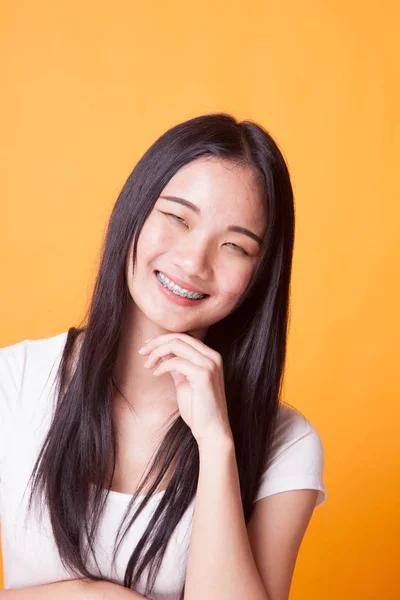 Portrait Beautiful Young Asian Woman Bright Yellow Background — Stock Photo, Image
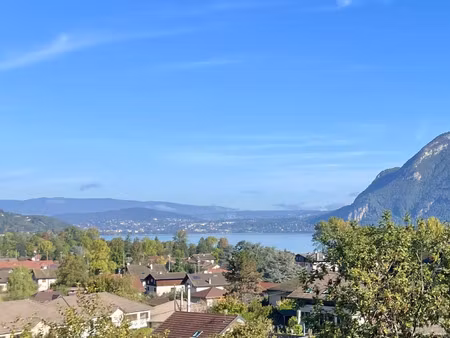 maison vue lac d'annecy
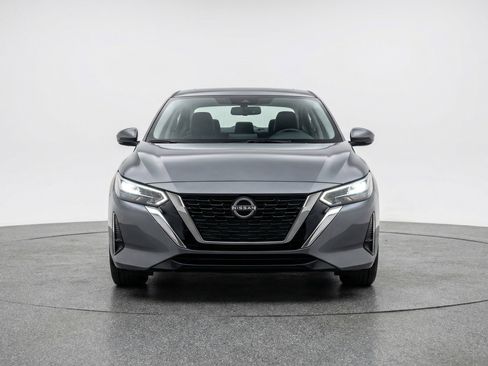 Used 2025 Nissan Sentra S FWD image 2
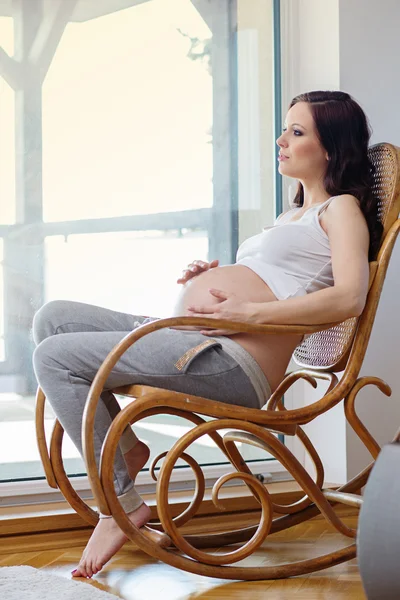 Hermosa mujer embarazada descansando en casa — Foto de Stock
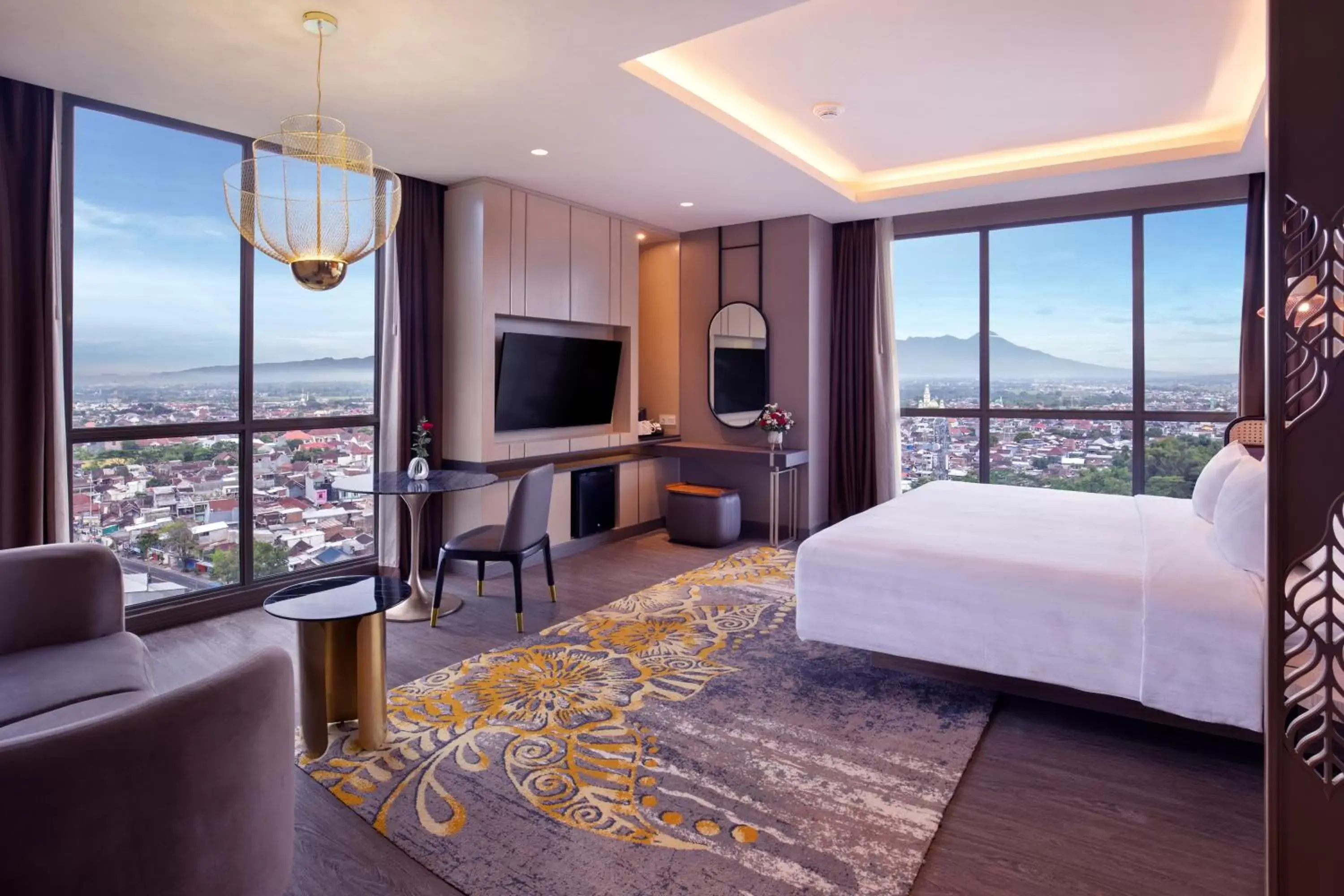 Bedroom in Grand Mercure Malang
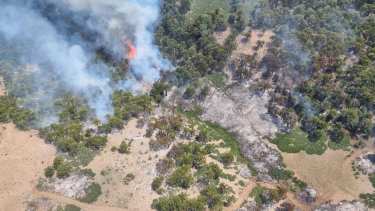 Así se veía el incendio de Aluminé , desde el helicóptero que lo sobrevoló. (Foto J. Lara / Radio Chos Malal).-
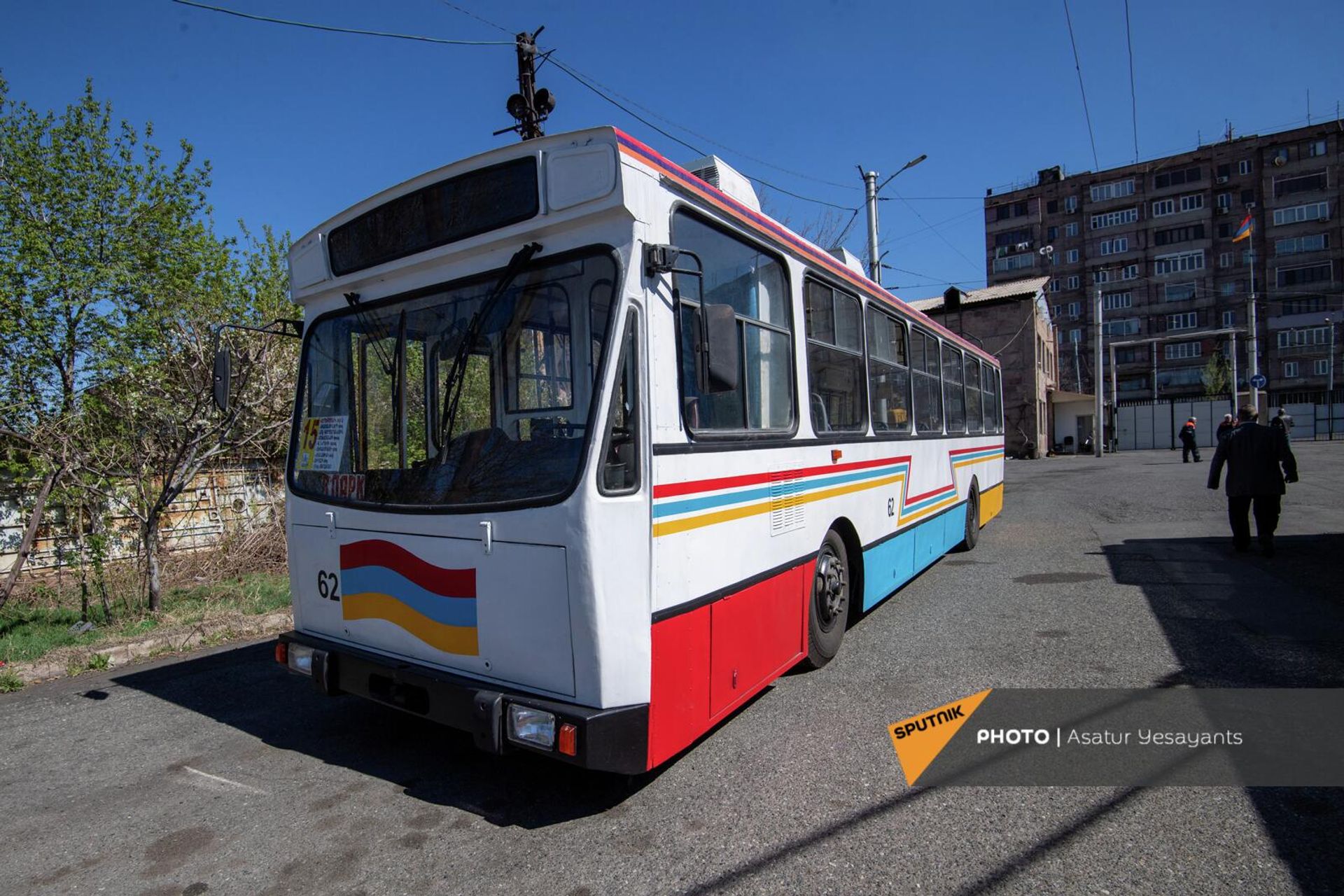 «Երևանի էլեկտրատրանսպորտ» ՓԲԸ աշխատակիցների արտադրված «Երազ» տրոլեյբուսը - Sputnik Արմենիա, 1920, 19.04.2022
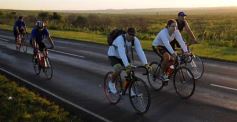 Foto de la galería: Miles de ciclistas pedalearon a Itatí, movidos por la fe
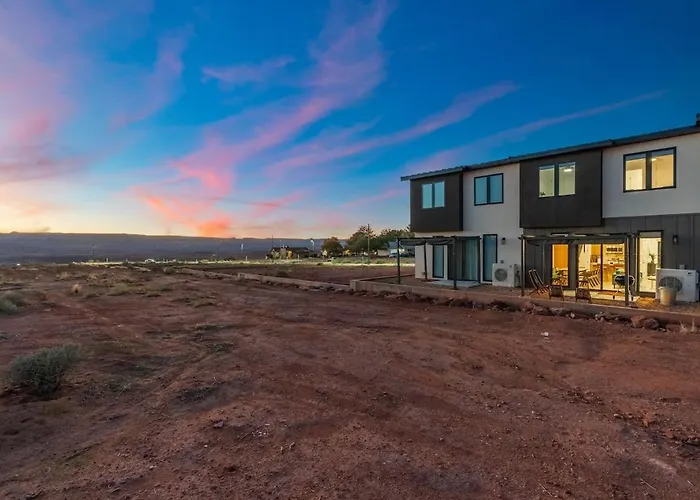 Brand New Townhome In Arizona Сasa de vacaciones *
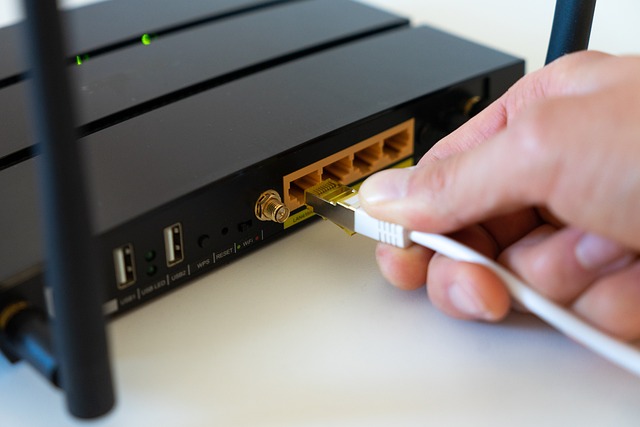 Connexion à un routeur sans fil avec un câble en cuivre RJ45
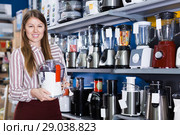 woman suggesting functional blender. Стоковое фото, фотограф Яков Филимонов / Фотобанк Лори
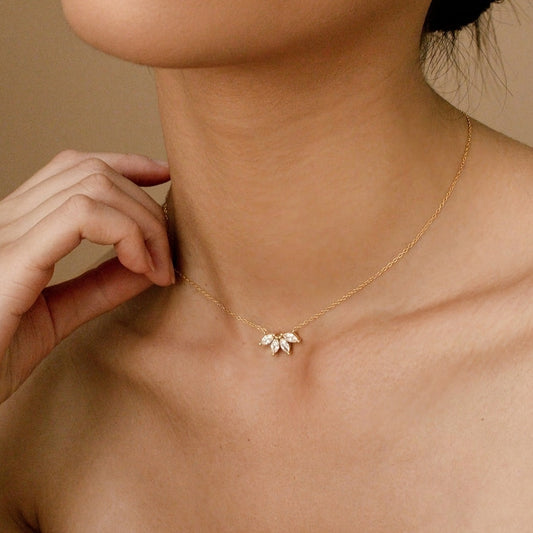 Rhinestone Leaf Necklace For Women Fashion Minority Design Weloria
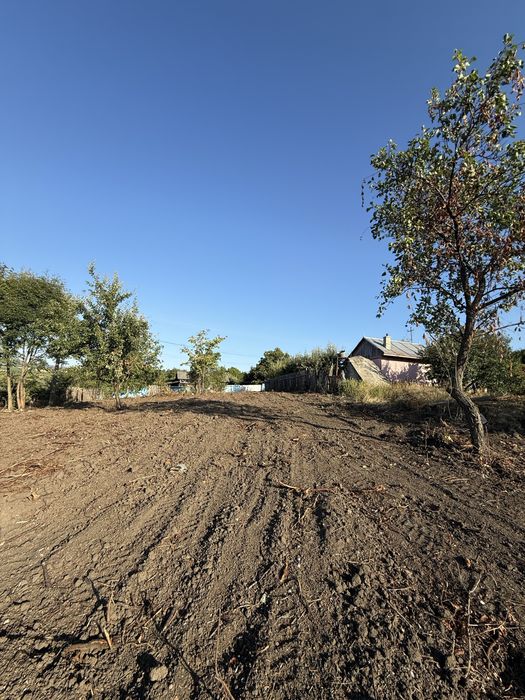 Pers fizica vand TEREN 1900mp in Comarna, dupa Tomesti, 17km de iasi, curent si asfalt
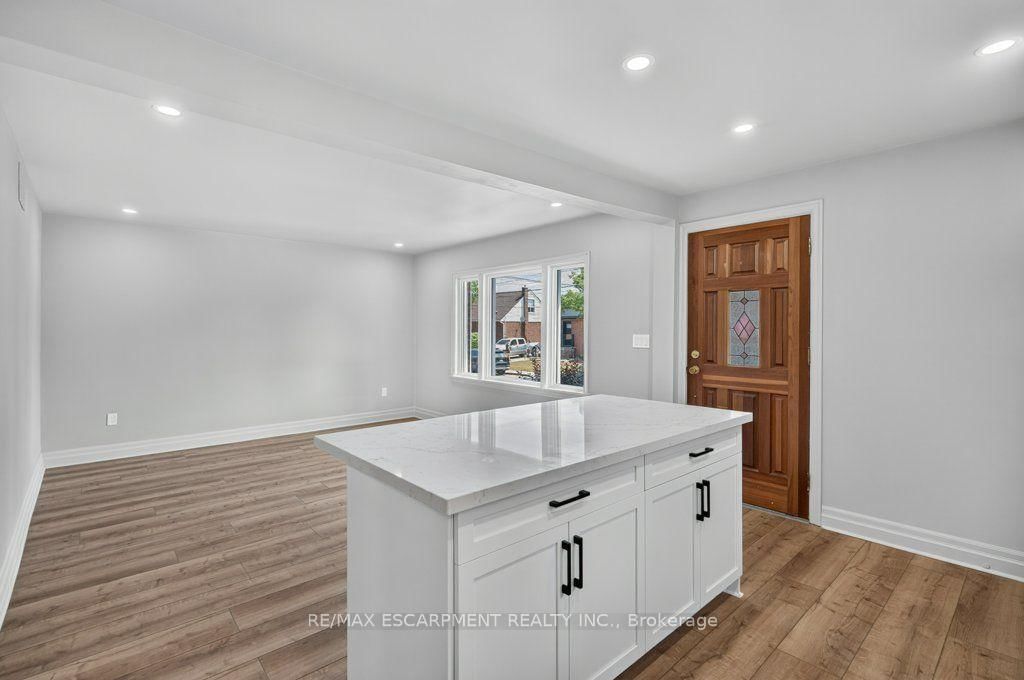 220 EAST 13TH Street • Hamilton, ON photo 13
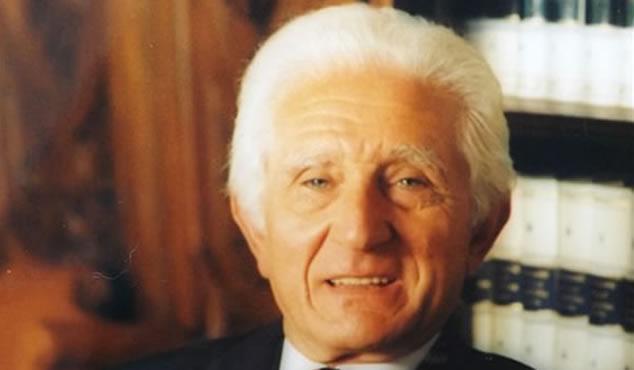 Camera ardente in azienda per Mario Cavanna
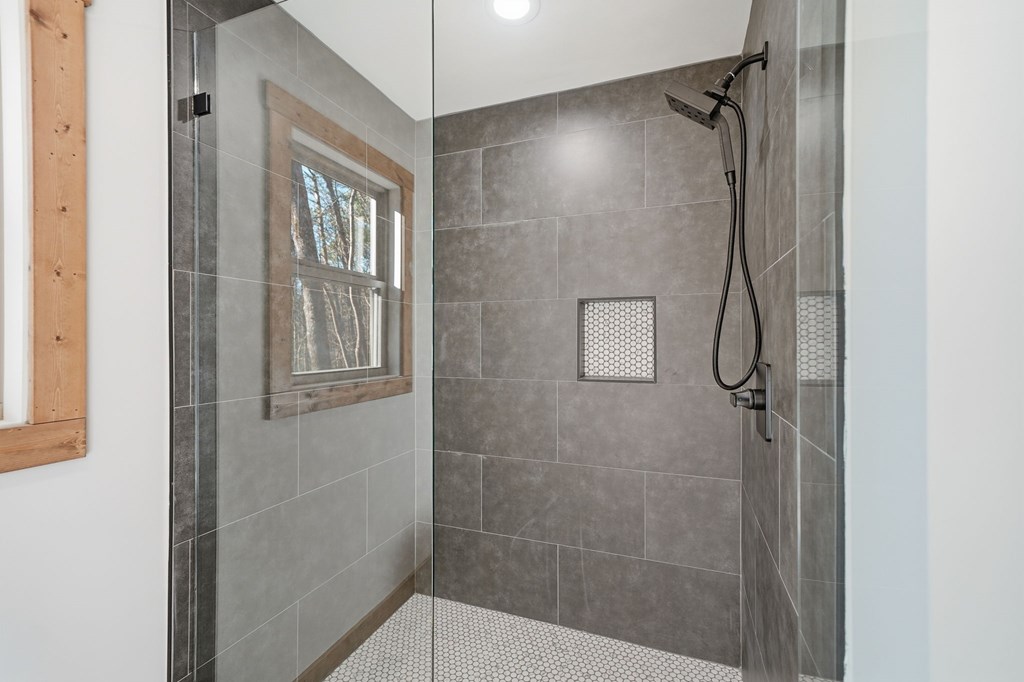 1883 Newport Drive Property Photo 19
++++++++
WORK ITEM:
The last line of the entries marks the end, and the line with "Foto de la galería: Miles" marks the start. Output exactly those two lines and every line between them, nothing else, with the pictures left out.

RESULT:
 Foto de la galería: Miles de ciclistas pedalearon a Itatí, movidos por la fe
 Brand New Townhome In Arizona Сasa de vacaciones *
 Connexion à un routeur sans fil avec un câble en cuivre RJ45
 woman suggesting functional blender. Стоковое фото, фотограф Яков Филимонов / Фотобанк Лори
 Rhinestone Leaf Necklace For Women Fashion Minority Design Weloria
 Pers fizica vand TEREN 1900mp in Comarna, dupa Tomesti, 17km de iasi, curent si asfalt
 220 EAST 13TH Street • Hamilton, ON photo 13
 Camera ardente in azienda per Mario Cavanna
 1883 Newport Drive Property Photo 19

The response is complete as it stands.